System Requirements
Hardware requirements
For a single-server setup, we recommend a SGI/Rackable Server configured as follows:
- CPU Intel/AMD Pentium III 2 GHz (minimum), works on Raspbery
- RAM 1 Gb per core for IVR, 2 Gb per core for IVVR
- HDD/SSD 16 Gb (minimun)
- Motherboard with 533MHz/800MHz system bus support
- Ethernet Network board (with Mac Address)
- TDM Digium E1/T1 or any other Asterisk compatible board
Make sure that your servers are installed and equipped with all the required hardware.
CPU | IVVR server (Video) | IVR server (Voice) |
---|---|---|
1x core | min 15 ports … max 30 ports | min 30 ports .. max 60 ports |
2x cores | min 30 ports … max 60 ports | min 60 ports .. max 120 ports |
4x cores | min 60 ports … max 120 ports | min 120 ports .. max 240 ports |
8x cores | min 120 ports … max 240 ports | min 240 ports .. max 480 ports |
NOTE:
IVR / IVVR System performance will depend on all codecs, applications, total load used by your server.
This figures are not based on specific hardware. Our recomendation to take the min values if your are going to run transcoding by software.
Please check that other hardware installed on your server (such as network adapter, RAID controller, etc.) is supported by the Linux distribution that you use.
Software requirements
The Vxi VoiceXML browser runs on most modern Linux Operating Systems (Debian, CentOS, Ubuntu, Redhat, Mandrake, Suse, Fedora, etc). However, it may be difficult for a novice system administrator to install and configure the operating system to meet all of the requirements and provide the best performance. Installing all the software could also prove to be a time-consuming task. We provide a seamless way to perform a complete server installation from scratch, in less than 15 minutes. The installation uses tar.gz packages and bash scripts.
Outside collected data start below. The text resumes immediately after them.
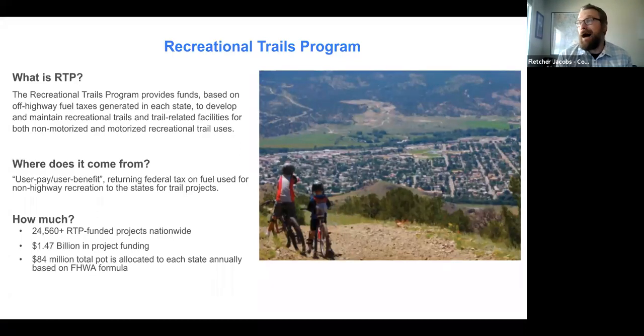RTP comes from off-highway vehicle use taxes. RTP comes from our OHV users — so if you're an OHV user out there, thank you for helping pay into the system. These off-highway vehicle use taxes get generated and put back out to the states. There is a Federal Highways Administration formula. Basically it's a user pay, user benefit model. The program started in 1991, with just under 25,000 total funded projects nationwide and $1.47 billion in projects funded. Right now it's around $84 million allocated nationwide — Colorado received about $1.6 million last year, based on the user-generated tax.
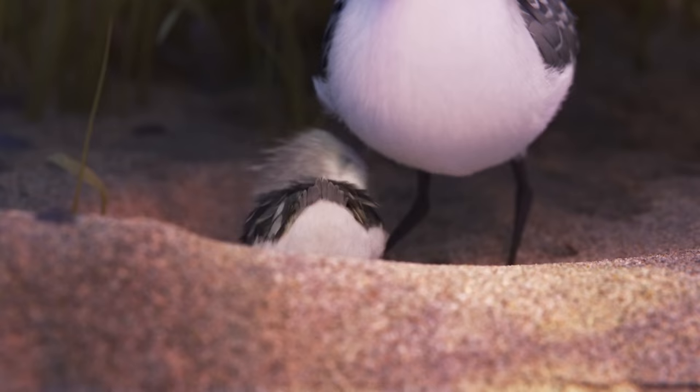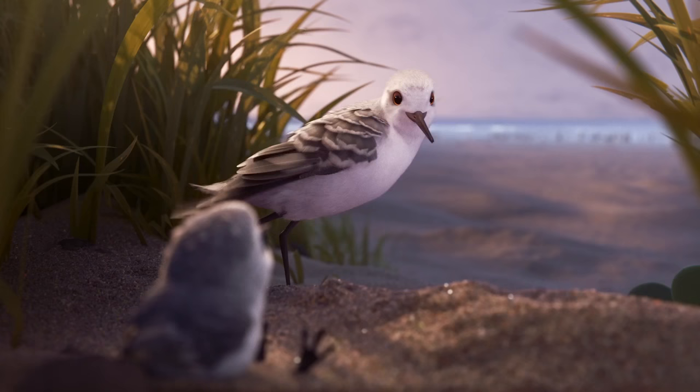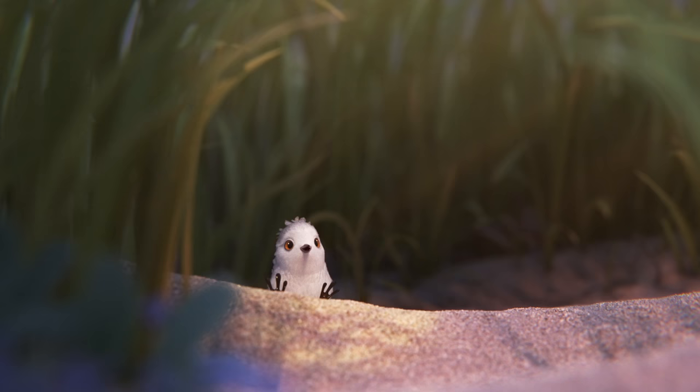This film is an adorable technical demonstration by Pixar, testing out different water and foam effects, while also telling a very cute story of a sanderling baby being taught how to hunt for food. While the flock always retreats before the waves come in, our story's hero finds a different way about it.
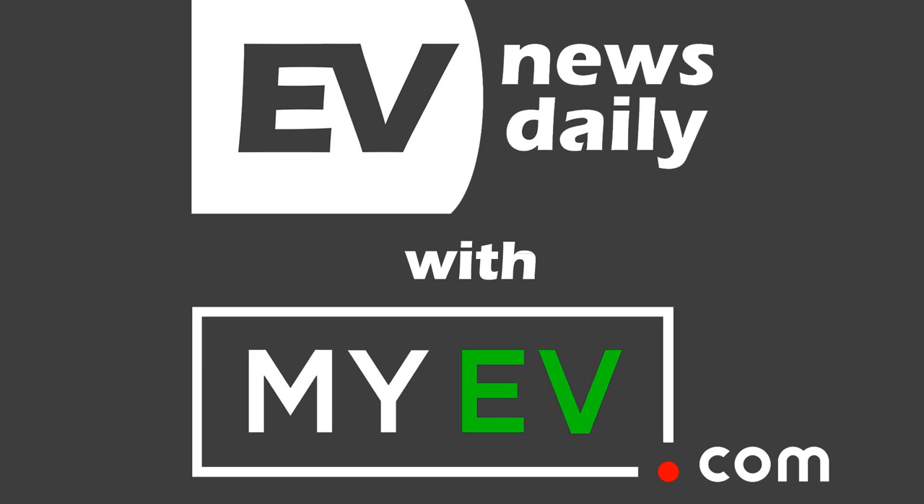Good morning, good afternoon, or good evening, wherever you're listening in the world. Welcome to EV News Daily for Wednesday, 3rd of June. My name is Martin Lee, going through every EV story so you don't have to. Thank you as always to MyEV.com for helping make the show in the US. MyEV.com is a marketplace that's totally free to use — great given the problems many people are going through — and it's specifically about EVs, simplifying buying and selling.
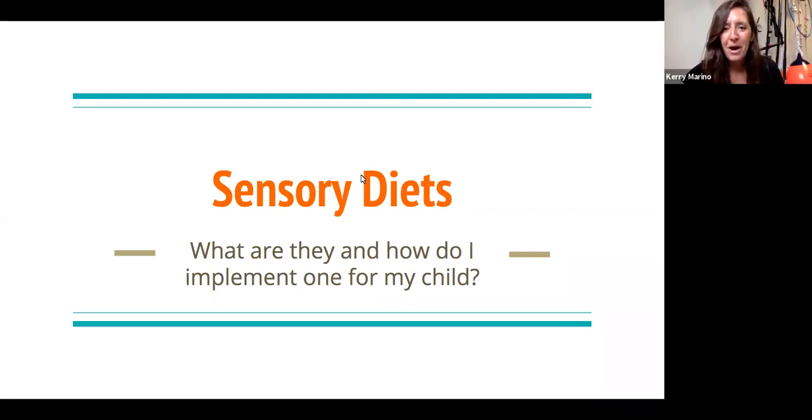Hi everybody. Thank you for watching and tuning in for our pop-up presentations. My name is Carrie, and I'm here with my coworker Elizabeth, and we're going to be making a presentation about sensory diets. We are occupational therapists who work at Sensational Development in Massapequa, New York. We are a pediatric outpatient sensory integration clinic. We service children birth all the way through young adulthood. We treat a variety of diagnoses, but our passion and focus is typically on the sensory processing aspect, and we really want to educate you and help you today about sensory diets — what are they, and how can you implement one for your child?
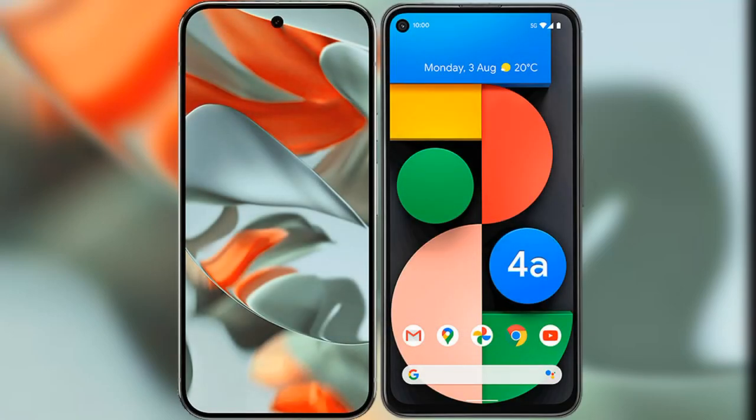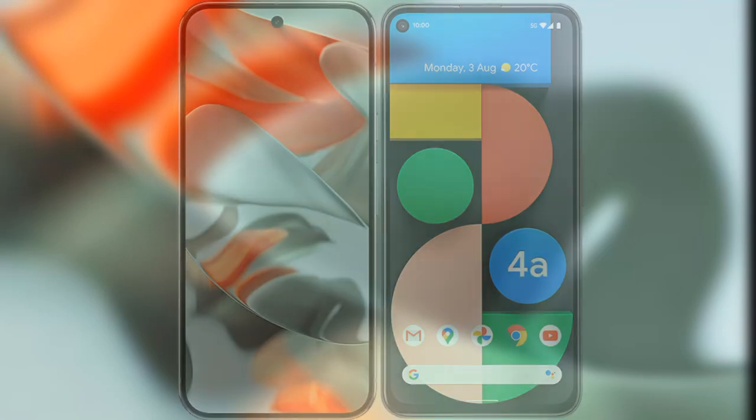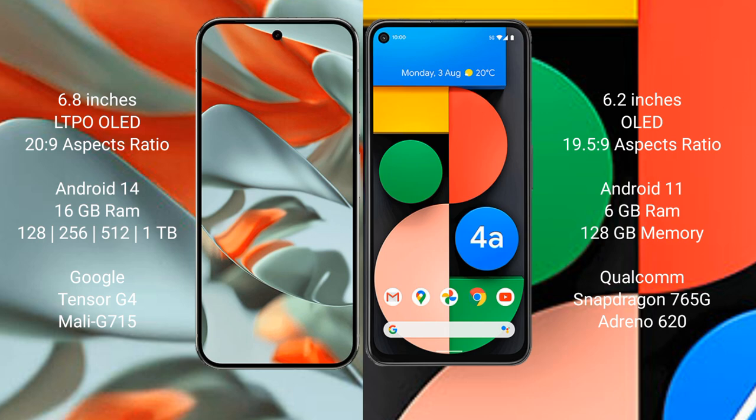I will compare the new Google Pixel 9 Pro XL with Google Pixel 4a. Google Pixel 9 Pro XL has a 6.8-inch LTPO OLED display with an aspect ratio of 20:9. Google Pixel 4a has a 6.2-inch OLED display with an aspect ratio of 19.5:9. Google Pixel 9 Pro XL runs on the Android 14 operating system.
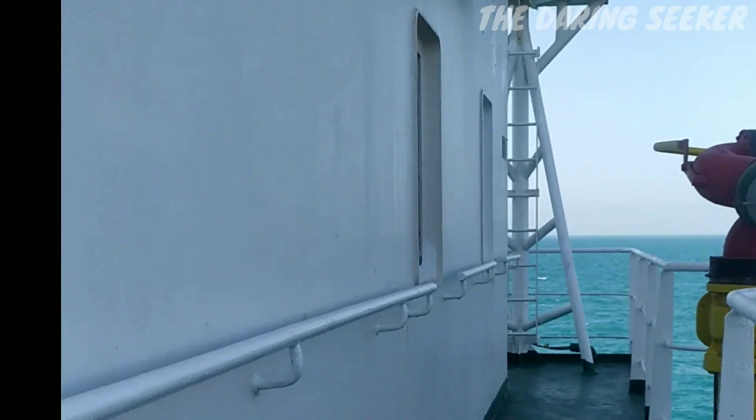Welcome to my channel. In this video I'm going to show you the emergency generator room on board. For electricity and running all equipment we use generators. In case of any power failure, we use this emergency generator — it is only used at the time of emergency, not all the time. We perform weekly or monthly tests for this emergency generator, and it gives power supply only to emergency equipment, not to all equipment.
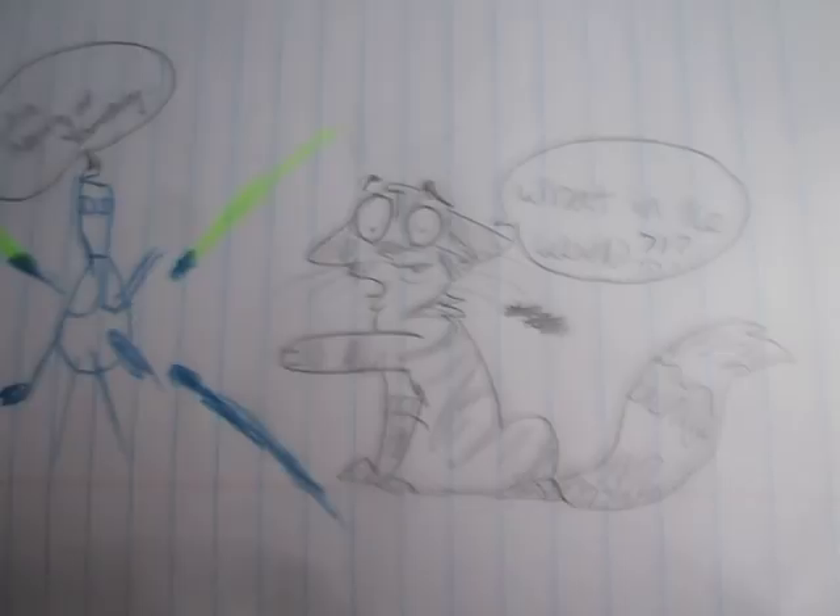I was looking through this notebook, and I saw how my little brother Aiden drew this thing — I think it's supposed to be General Grievous from Star Wars or something. So I just drew a little cat on there. And there's this drawing I did with the pen — it's a space plant, because we're tripping on rocks over here.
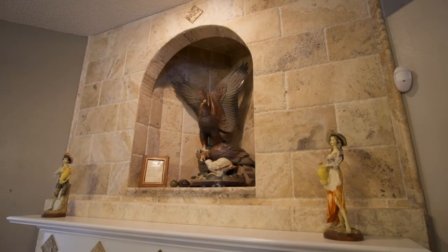The fireplace is custom with stone and granite from Stone Age.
Vxi binaries packages are available the following Linux Master distributions:
- Debian 6, 7 - http://www.debian.org
- CentOS 5, 6 -http://www.centos.org
The last VXI V12 release add an FreePBX module and Elastix modules. They allow to control the VoiceXML configuration and administration from the Web Interface.
Other compliant Linux distributions:
Distribution | Package | Website |
---|---|---|
Ubuntu | Debian | http://www.ubuntu.com |
Redhat | CentOS | http://www.redhat.com |
Fedora | CentOS | http://fedoraproject.org |
Suse | Debian | http://www.opensuse.org |
Mandrake | CentOS | http://www.mandriva.com |
FreePBX | CentOS | http://www.freepbx.com |
Elastix | CentOS | http://www.elastix.com |
AsteriskNow | CentOS | http://www.asterisk.com |
Raspbian | Debian/ARM | http://www.raspbx.com |
i6net uses Debian and Centos distributions to generate all packages provided. Most packages built are specifically configured by default for this Linux OS.
There are two available versions of our packages:
- “32bit i686” package, compiled with GCC 4.x
- “64bit i686” package, compiled with GCC 4.x
Disable the SELinux. It can lock the library loading.
You can use '/usr/sbin/setenforce 0' before launching the Vxi VoiceXML browser.
Vxi on a Virtual Environnement
You can install and run Vxi on a virtual machine for any production, development and testing system.
Vxi has been successfully tested over:
- VMware
- Amazon EC2
- Proxmox
Vxi requires a significant amount of system resources and virtualization can reduce system performance when running in a virtual environment. We recommend to run voice recognition and text-to-speech on a separate server because they are very CPU-intensive and require real-time system resources and RAM, along with any audio or media requirements of a caller session, such as dialog prompts or playing of pre-recorded audio file.
Depending on the virtual environment management, there can be issues with using cloned images, virtual network stacks, installation issues, and licensing problems.